Psalm 30 The danger of self-confidence

Feelings expressed in this psalm may have arisen from David’s personal experience, but they also reflect Israel’s experience during events leading up to the dedication of the temple (see heading to the psalm). Enemies may try to destroy, but no matter how bad the situation appears, it is never hopeless. There may be troubles, but God’s deliverance will follow as surely as day follows night (1-5).

Recalling the experience, the psalmist outlines some lessons it taught him. Prosperity and security had led to self-confidence, and God’s shattering intervention was necessary to remind him that his security depended solely on God’s grace (6-7). Being brought near to death he cried out, asking what would God gain by killing him. If he was dead, how could he then praise God and serve him (8-10)? Now that God has rescued him, sadness is replaced by joyful celebration, and anxiety is replaced by humble thanksgiving (11-12).

God’s desire for praise

Often in the Psalms there are statements where God himself is the one who is urging people to praise him. The psalmists, realizing how much God desires worship, use it as a reason to persuade him to save them from their troubles. If he allows them to die, they will no longer be able to bring him the praise he seeks (e.g. Ps 30:9).

It may seem at first that God is like a vain, self-centred person who demands that others be continually telling him how great he is. However, a closer look at the matter will show that this is not the case. In one of the psalms where God urges people to praise him (Ps 50:14,23), he also makes it clear that in no way is he in need of people’s religious contributions (Ps 50:12-13). God has no selfish craving for people’s attention.

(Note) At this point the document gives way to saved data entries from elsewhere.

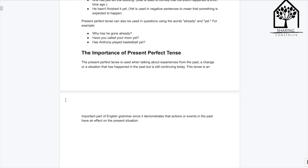En esta clase no veremos ejercicios sino hasta la siguiente, porque ya hemos visto en el pasado cómo hacer el past participle. Solo se requiere un poco de instrucciones para poder formarlo. Así que nos veremos la próxima con los ejercicios de esta sección y con el past perfect.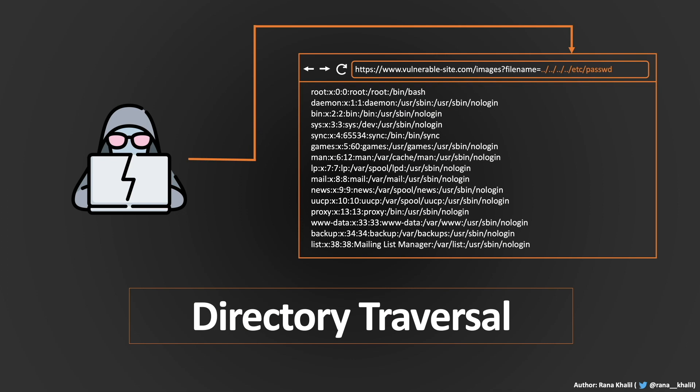Hi everyone, welcome back to another video in the Web Security Academy series. In today's video, we'll be covering a whole new topic called directory traversal. This is pretty much a brain dump of everything that I know about directory traversal vulnerabilities, so it's going to be a long one. By the end of the video, you'll have all the fundamental knowledge required to complete the six hands-on lab exercises we'll be covering in the next upcoming videos.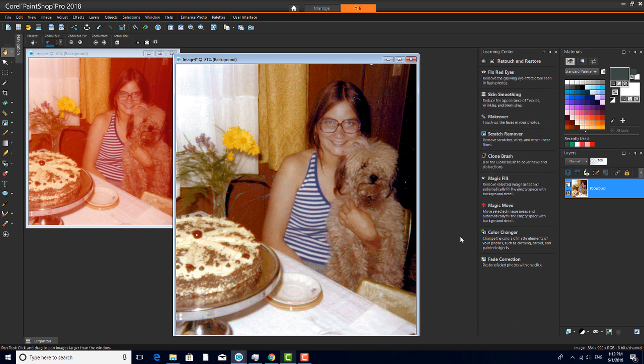This brings us to the end of this tutorial on restoring faded or discolored photos. If you've been watching this video on YouTube, please follow the link in the description below, which will take you to this tutorial page in Corel's Discovery Center. Here you'll find a written version of this tutorial, along with the sample images you can download and follow along. Thank you.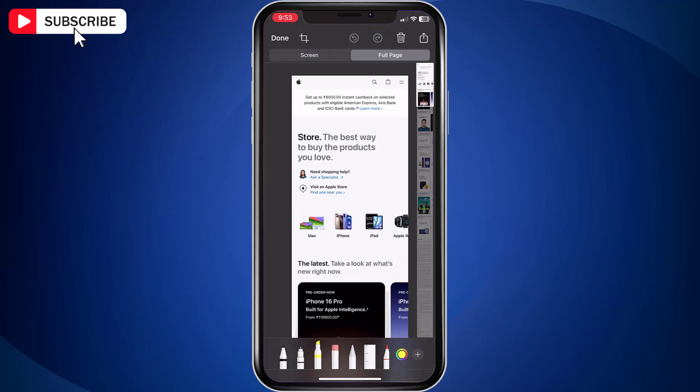At the top, there is a toolbar using which you can crop the screenshot and make necessary changes. On the bottom bar, there are options with which you can highlight the required part of the screenshot.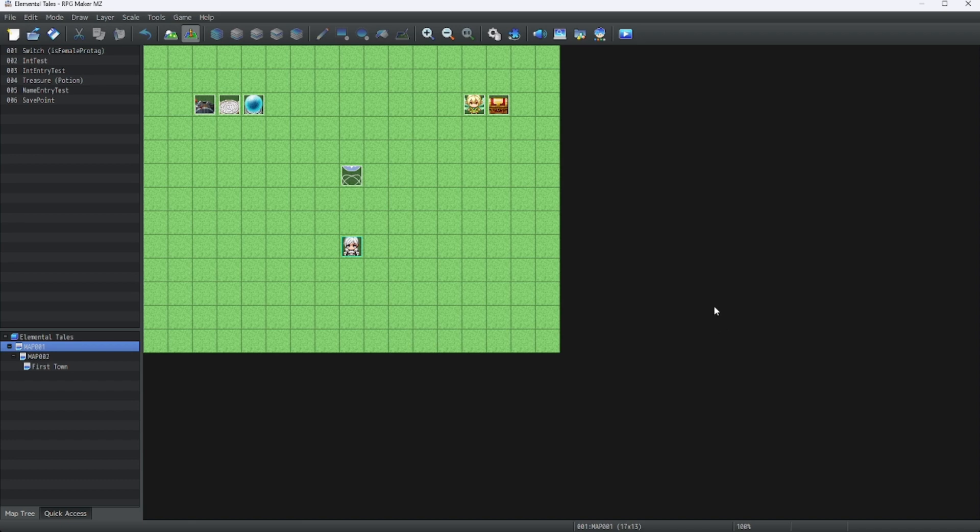Hello, everybody. Welcome back to more RPG Maker MZ tutorials. In this lesson, we will go over how to make a better title screen.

Whatever people enjoy, whether it be nature, art, friend or lover, their enjoyment increases when they talk about it and praise it to others. When they are able to praise the object of enjoyment directly to itself (as in the case of a lover), their enjoyment increases further. Likewise as people praise God, their enjoyment of him is increased. Or, to put it another way, God gives more of himself to people as they worship him. Their acts of praise and worship become not only offerings to God, but also the means by


which God offers himself to them. By calling upon people to praise him, God is inviting them to enjoy him to the full.